She would go up to the blackboard and illustrate via simple arithmetic, how much a mom would have to shell out for diapers throughout infancy. Say 7 diapers a day for a newborn times 30 days a month, and so on and so on.

Apparently, this exercise scares the bejesus out of these brash young women.

So again, I pose the question, "Is is the math or the poop?"

Probably a little of both.

Here's my pontification on diapers from a while back:

PEE AND POOP ARE EXTREMELY OVERRATED (no doubt because of incessant MSM bias).

Of all the lifestyle changes and new parental responsibilities, diaper changing is really one of, it not the easiest new thing to acclimate yourself to.

And you will be sure to get a kick out of the in-laws changing the baby's diapers as well (remember, your parents are in-laws too).

For one thing, they think they have just time-warped back 30 years and are still experts at the whole gamut of childcare. Granted they are inherently a few notches ahead of the baby's parents in terms of knowledge but they have also aged considerably too - no doubt seemingly more from raising the thankless, snot-nosed newbie parents.

The in-laws may have changed a few thousand diapers in their day but now they are prone to putting the diaper on upside down, not fastening it properly, and doing some pretty piss poor wiping jobs (pardon the pun). Not only that, but to see if the kid needs to be changed, invariably the old folk actually stick their finger down a diaper and then smell it!!!

That's right. Those are the hands that cooked us thousands of meals!!!

So fear not, changing diapers is a breeze. The only gross part is perhaps watching the grandparents do it.

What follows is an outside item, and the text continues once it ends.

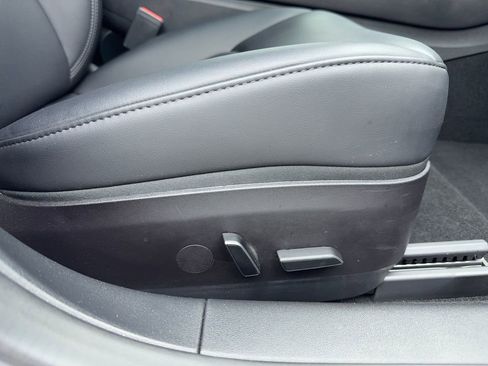 Used 2023 Tesla Model 3 Standard Range image 39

By the way, referring to someone as an "obese lesbian" is not inherently offensive - at least not any more that referring to me as a skinny straight. So lighten up you losers. This issue came up on Boston talkradio and though the host who called a gubernatorial candidate a "fat lesbian" was fired, since it is Boston, I actually take that as even more evidence of my certitude.

Lastly, I did a generic Google image search on "fat lesbian" and Rosie O'Donnell came right up. If Google's search results make her the poster child, then who am I to argue?